Der Zeitmesser am Handgelenk:: Fluch oder Segen?

Der Zeitmesser am Handgelenk:: Fluch oder Segen?

Die Zeit spielt im Leben eines jeden Menschen eine so zentrale Rolle, dass man eigentlich annehmen könnte sie sei gut erforscht und berge keine Mysterien mehr. Bei genauerem Hinsehen fällt aber auf, dass wir selbst nicht besonders viel über den Zeitbegriff wissen und auch die Forschung hat, trotz Einstein und Hawkins, noch kein allgemein verständliches Konzept der Zeit vorgelegt, mit dem wir in unserem täglichen Leben etwas anfangen könnten. Im Gegensatz dazu erschließen sich genussfähigen Menschen einige wichtige Aspekte der Zeit im Wein. Beim sinnlichen Kontakt mit alten Weinen lernt man schnell begreifen, dass Wein „flüssige Zeit“ sein und als Gleichnis für das menschliche Leben dienen kann.

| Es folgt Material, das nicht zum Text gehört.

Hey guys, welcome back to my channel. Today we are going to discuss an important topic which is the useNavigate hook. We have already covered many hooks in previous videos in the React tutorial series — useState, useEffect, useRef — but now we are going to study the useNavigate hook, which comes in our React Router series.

In der spanischen Sprache findet die Nähe des Weins zur Psyche des Menschen im Begriff „Crianza“ (vom lat. creare) seinen Ausdruck. Er bedeutet so viel wie Erziehung oder Aufzucht, durchaus im gleichen Sinne wie bei einem Menschenkind. Wir reden ja schließlich beim Wein genauso von seiner Vergangenheit, Gegenwart und Zukunft wie wir dies bei einem Menschen tun. Der Weinfreund ist nach dem Verkosten eines guten Tropfen in ähnlicher Weise gespannt auf dessen zukünftige Entwicklung, wie er es bei seinen Enkelkindern oder Nichten und Neffen wäre.

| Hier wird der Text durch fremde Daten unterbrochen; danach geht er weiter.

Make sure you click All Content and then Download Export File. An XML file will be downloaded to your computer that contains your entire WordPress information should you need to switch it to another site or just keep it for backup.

Wer mich kennt mag gelegentlich den Eindruck haben ich sei ein Feind der Aktivität und propagiere allzu gerne das passive Betrachten und die Kontemplation. Das ist falsch. Zwar bin ich ein Feind von jeglichem Aktivismus, d.h. von Tätigkeiten die um ihrer selbst Willen ausgeführt werden, aber ich weiß natürlich, dass zum menschlichen Leben geistige und körperliche Aktivitäten gehören. In uns allen lebt ein Entdeckergeist, der uns antreibt Neues zu beginnen und Neues zu denken. Neben der Freude am Nachdenken und an der Analyse manifestiert sich aber häufig auch in der gleichen Person etwas Schöpferisches. „Kreativ leben“ würde ich das gerne nennen.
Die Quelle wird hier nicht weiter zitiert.